Scovell claimed all the business from the Hyatt Regency will move to the city’s hotel. “We get clobbered,” he said, but he believes in the long run and that "the tide will rise."

“If we don’t build the hotel, then we’re just on the gradual decline. We’re not going to go anywhere,” Scovell said. “If there’s anybody up here with his hair on fire standing up here, you’d think it would be us. It’s not. We believe in this project.”

Scovell’s time was extended as he discussed his history with the Crow family, which he said dates back 40 years when he audited Trammell Crow when Scovell was with Arthur Anderson. He gushed about the Crows, saying there wasn’t a greater visionary or person in the real estate industry than Trammell Crow.

“They’re competitors,” Scovell said. “They like to win. They don’t like to lose.”

Lemme get this straight. Scovell says the city’s hotel will steal his business and the Crows are worried about their business too? This sounds like a reason not to build the hotel. Since when do we allow the government to fully subsidize a project that competes directly with private businesses?

So why is Scovell in favor of the competition? I’ve got some ideas, but the bottom line is he’s admitting both hotels will suffer losses. One side helped get Leppert elected, and the other contributed to Ed Oakley’s campaign. Someone is gettin’ payback outta this, and it ain’t the Crows.

Then came the command from Darth Scovell, Lord of the Citizens Council: “You cannot do nothing. We have to do this.”

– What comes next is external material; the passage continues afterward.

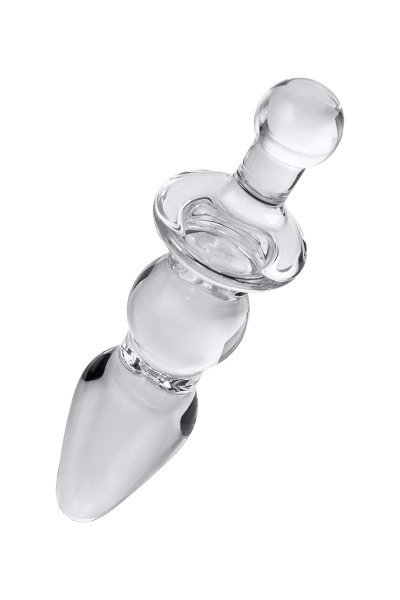 Анальная втулка Sexus Glass, стекло, прозрачная, 17 см, Ø 3,5 см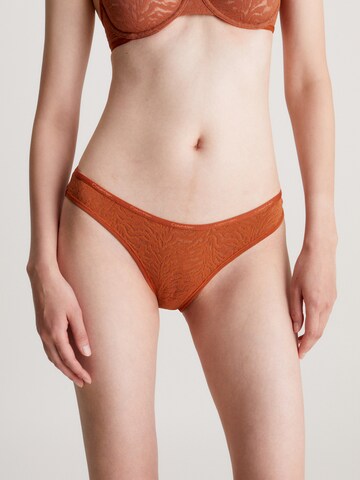 Slip Calvin Klein Underwear en orange : devant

After the speakers, Economic Development Committee chair Ron Natinsky once again said, “This is not a taxpayer-paid-for hotel.” He also noted for the zillionth time that there have been more than 20 meetings about the hotel, and it has been an open, visible process. Of course, he forgot to mention that many of the key decisions -- selecting the site, public ownership and developer -- were made in closed session, and in none of those presentations was there any data saying the convention center is struggling or making the connection between how other cities’ convention attendance has been affected by building a hotel.

Deputy Mayor Pro Tem Dwaine Caraway chastised Citizens Against the Taxpayer-Owned Hotel for sending a mailer to the Southern sector thanking them for their support, saying they had no right and calling it misinformation. Caraway must have forgotten about the misinformation sent out all over Dallas by Vote No! last year during the Trinity toll road referendum.

Southern sector council member Tennell Atkins said he hasn’t received any phone calls or memos telling him not to build the hotel, which seems like an excuse to do almost anything.

Jerry Allen said he’s convinced “150 percent” that the city needs to move forward with building the hotel. “The numbers, to me, are pure. They’re clean,” he said. “It’s one plus one equals two. That’s how clear it is to me with the numbers.”

In 2004, HVS Consulting & Valuation did a study on a proposed 1,200 convention center hotel, just like they did again this year. In ’04, the study said the hotel would create roughly $444 million in revenue from 2012-'17, and that number jumped to $571 million in the ’08 study. That’s a spike of more than 28 percent with no reason to support it, and those are pure numbers? Additionally, this year’s study says the hotel will earn $70.7 million in 2012 and steadily rise to $123.5 million in 2021, an incredible revenue increase of 75 percent in just 10 years.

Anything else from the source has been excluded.